- [THE TASK] No pictures, no extra lines: copy exactly from the line with "A Japanese woman" through the end of the entries.

---------------

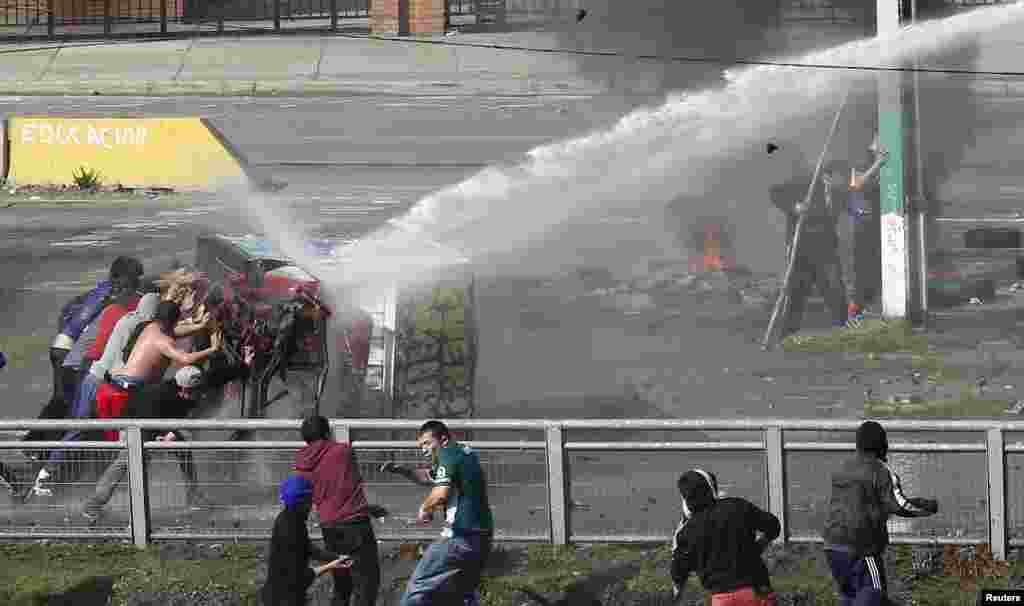Para nelayan bentrok dengan polisi anti huru-hara pada aksi protes di kota Valparaiso, Chile.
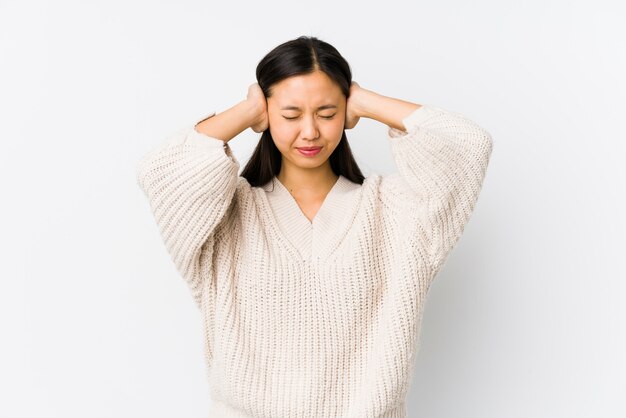 Jonge Chinese geïsoleerde vrouw behandelend oren met handen die niet te hard geluid proberen te horen.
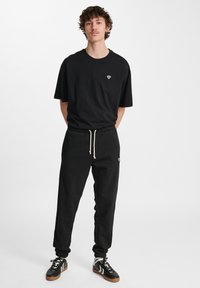 Schwarzes T-Shirt mit einem kleinen weißen Herzlogo auf der Brust, kombiniert mit schwarzen Sweatpants mit elastischem Bund und Kordelzug.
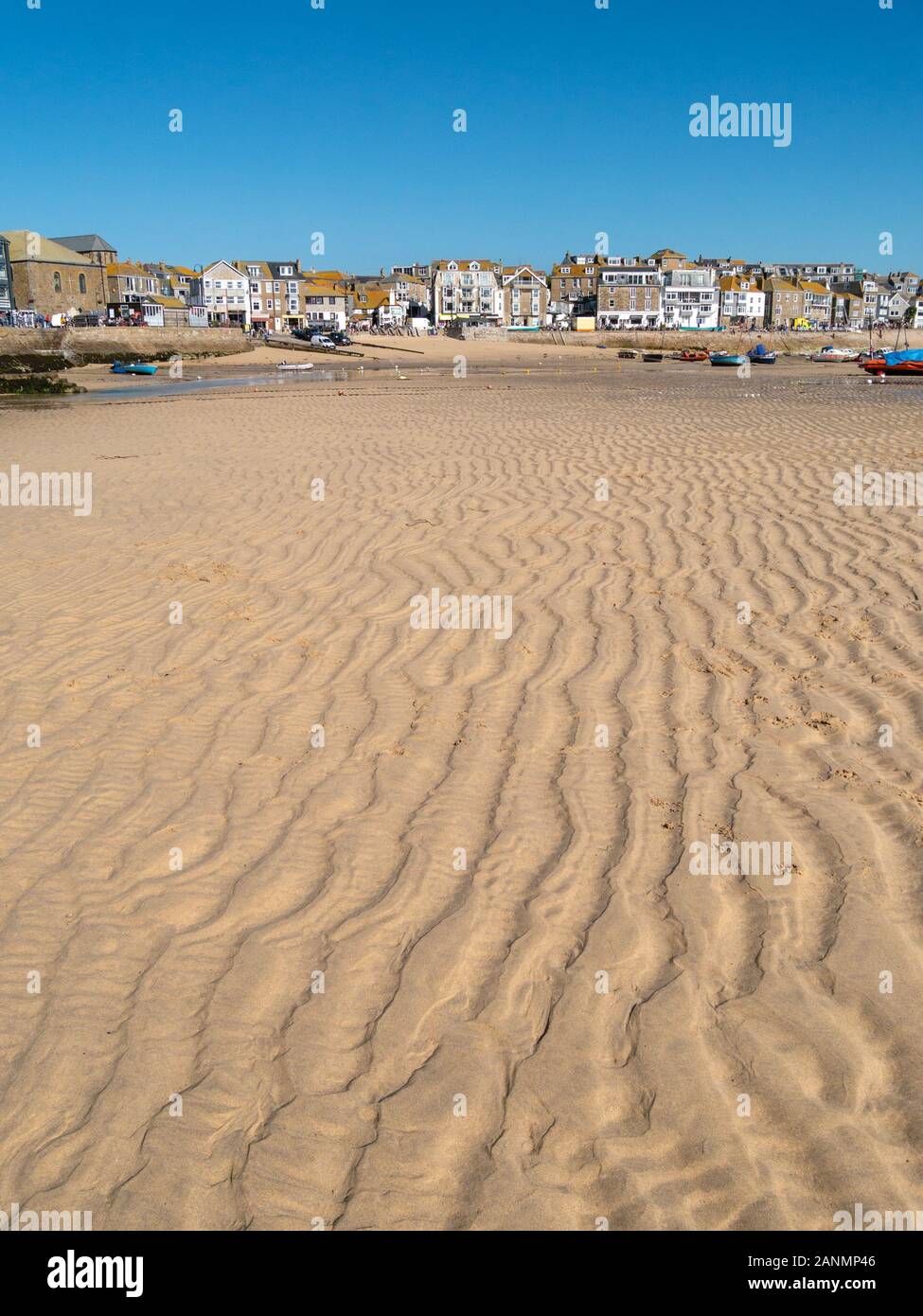 Rippled sand in St Ives Harbour at low tide in Summer with clear blue sky, St, Ives, Cornwall, England, UK Stock Photo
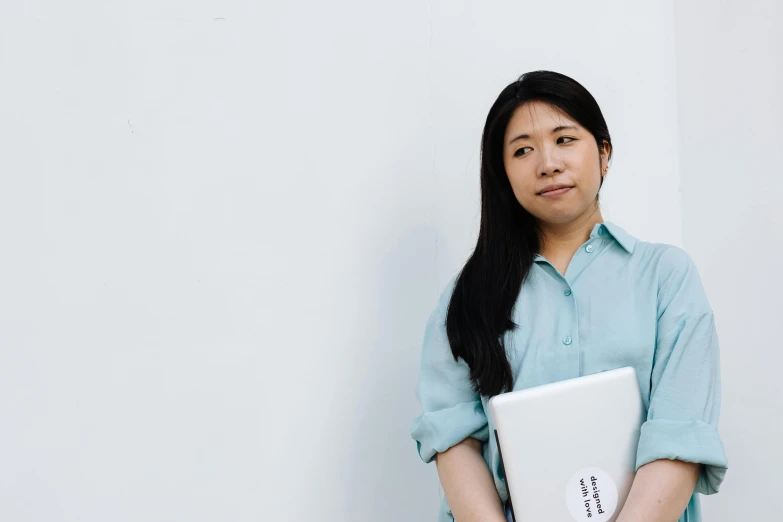 a woman in a blue shirt is holding her folder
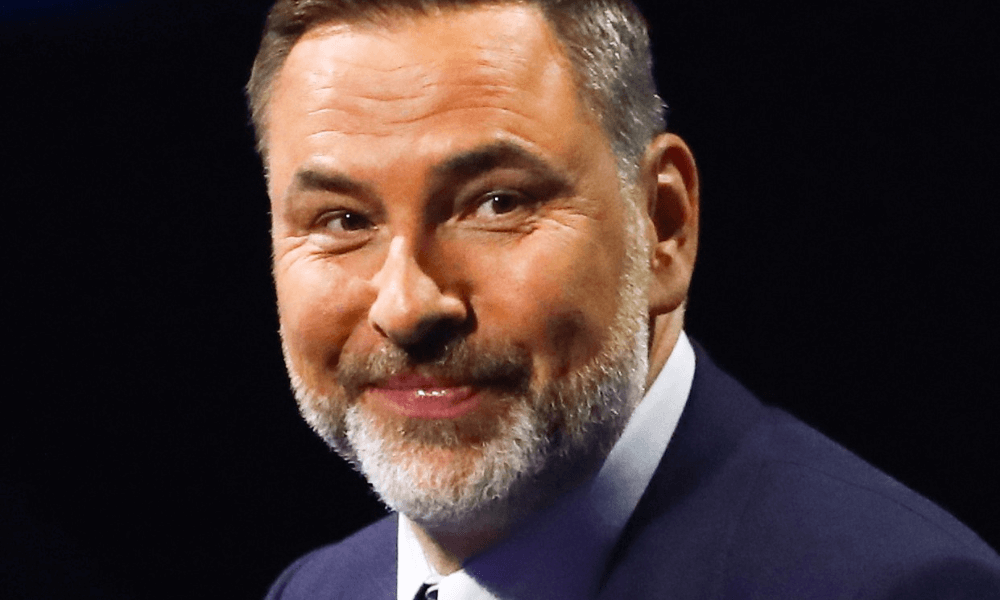 Man with a beard smiling in a blue suit.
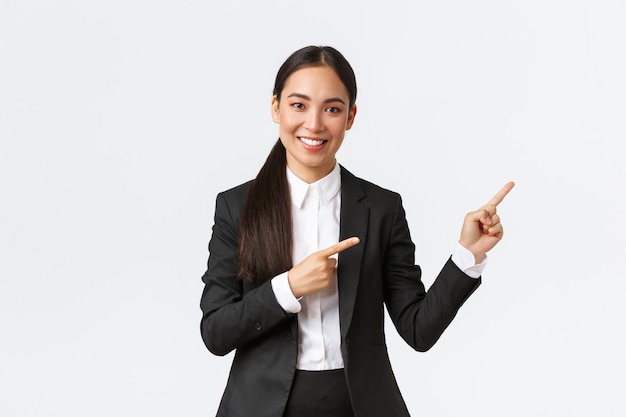 Une femme entrepreneur asiatique confiante, une vendeuse en costume présente le produit, montrant la place aux clients. Femme d'affaires souriant et pointant du doigt vers la bannière, debout sur fond blanc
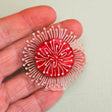 Pincushion Hakea brooch in hand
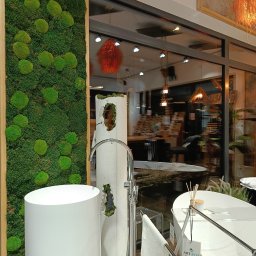 ART-FLIZ S.C. - Nowoczesna łazienka z wolnostojącą umywalką cylindryczną, obok panel z mchu, w tle wanna i lampa wisząca.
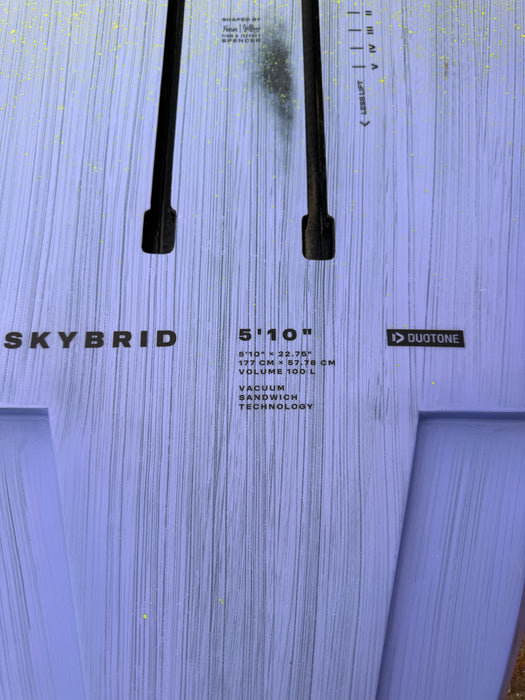 Close-up of specs label on used Duotone Skybrid 5'10" 100L 2025 showing 177cm x 57.78cm dimensions and Vacuum Sandwich Technology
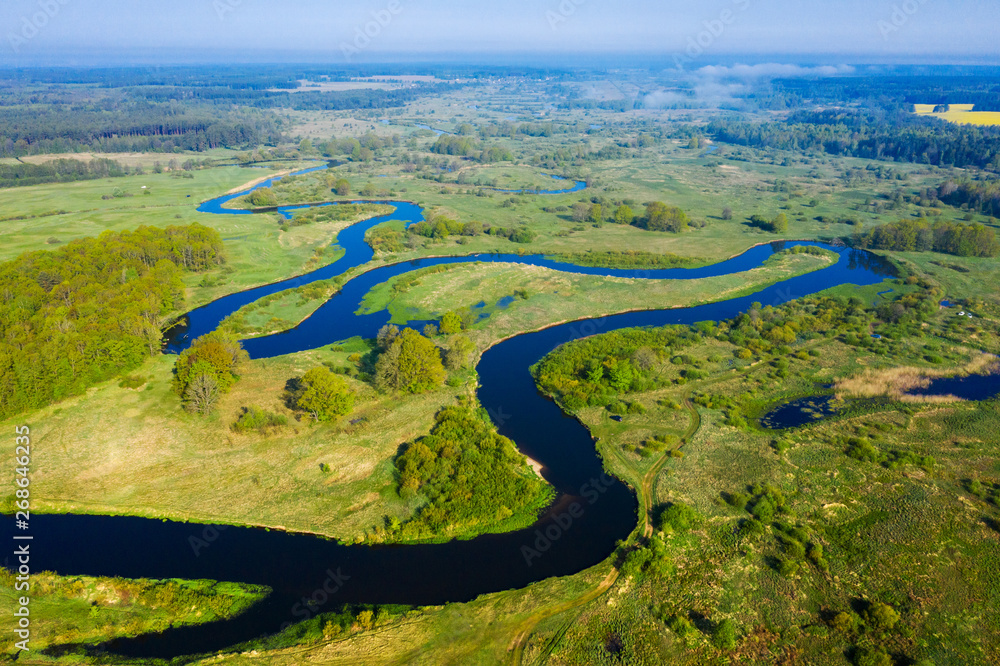 Aerial nature river background. Scenic river on green meadow from above. Drone view on river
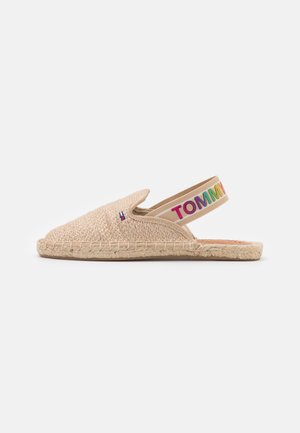 Espadrille beige avec une texture tissée, un bout pointu et un design à bride arrière. Présente une bande colorée "TOMMY" au talon. Semelle en jute naturel.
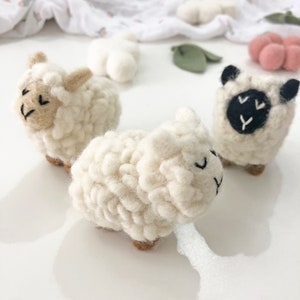 May include: Two white felt sheep toys. One sheep has black eyes and a black nose. The other sheep has brown eyes and a brown nose.
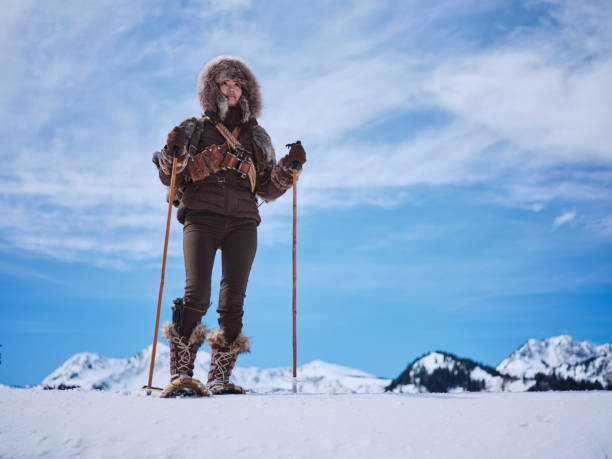 A Japanese woman wearing snowshoes, exploring the winter wilderness in the mountains.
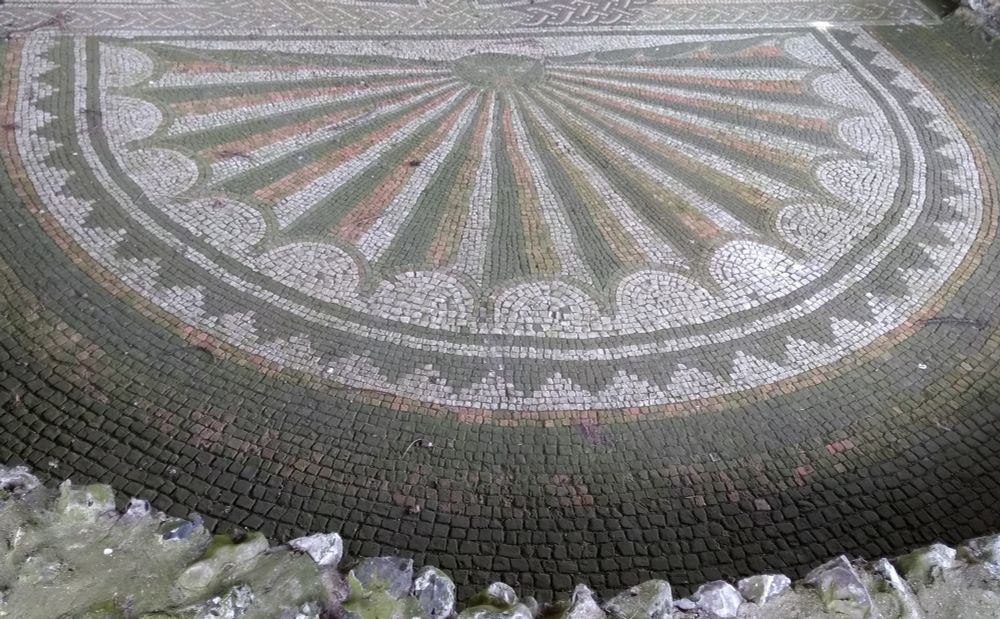 Part of a Roman mosaic showing an apse with a radial design in the form of a shell, with the segments coloured in dark grey, red and white/cream. The shell's hinge is at the top of photograph and takes the form of a small cat-like mask. There is a border of stepped triangles and a wider plain outer border. In the immediate foreground are the remains of the wall around the apse.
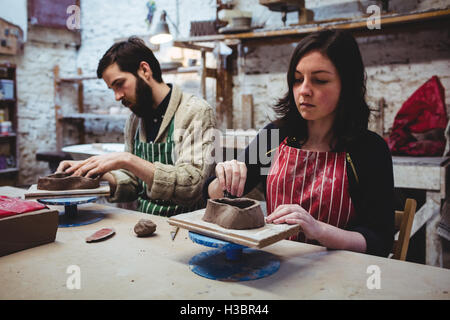 Concentrated female potter with male colleague working at table Stock Photo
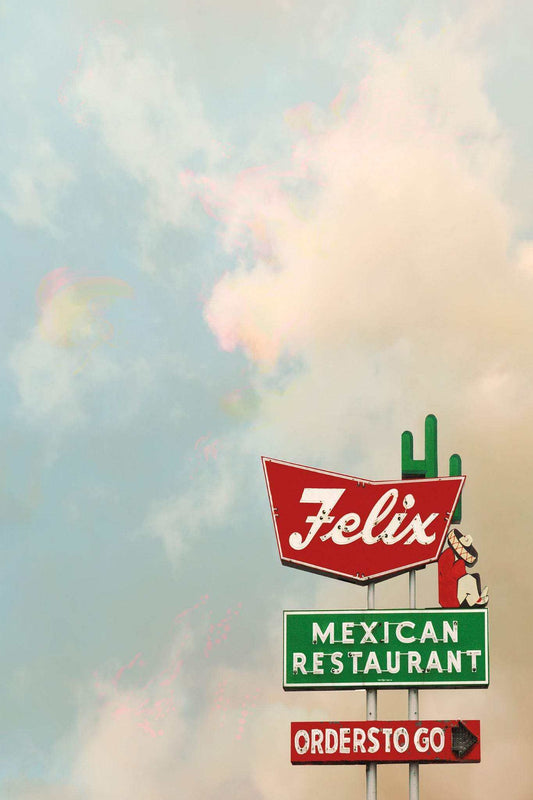 Houston Skyline Print featuring Felix Mexican Restaurant sign with blue sky background by Betsy Crum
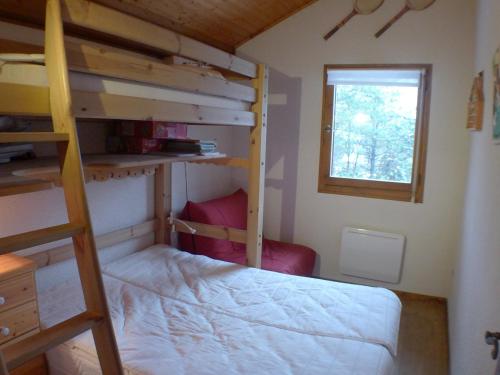 une chambre avec deux lits superposés et une fenêtre dans l'établissement Appartement 2 pièces avec mezzanine, balcon et parking près centre Samoëns - FR-1-629-135, à Samoëns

---------------

- [ANSWER SECTION]
 A Japanese woman wearing snowshoes, exploring the winter wilderness in the mountains.
 Part of a Roman mosaic showing an apse with a radial design in the form of a shell, with the segments coloured in dark grey, red and white/cream. The shell's hinge is at the top of photograph and takes the form of a small cat-like mask. There is a border of stepped triangles and a wider plain outer border. In the immediate foreground are the remains of the wall around the apse.
 Concentrated female potter with male colleague working at table Stock Photo
 Houston Skyline Print featuring Felix Mexican Restaurant sign with blue sky background by Betsy Crum
 une chambre avec deux lits superposés et une fenêtre dans l'établissement Appartement 2 pièces avec mezzanine, balcon et parking près centre Samoëns - FR-1-629-135, à Samoëns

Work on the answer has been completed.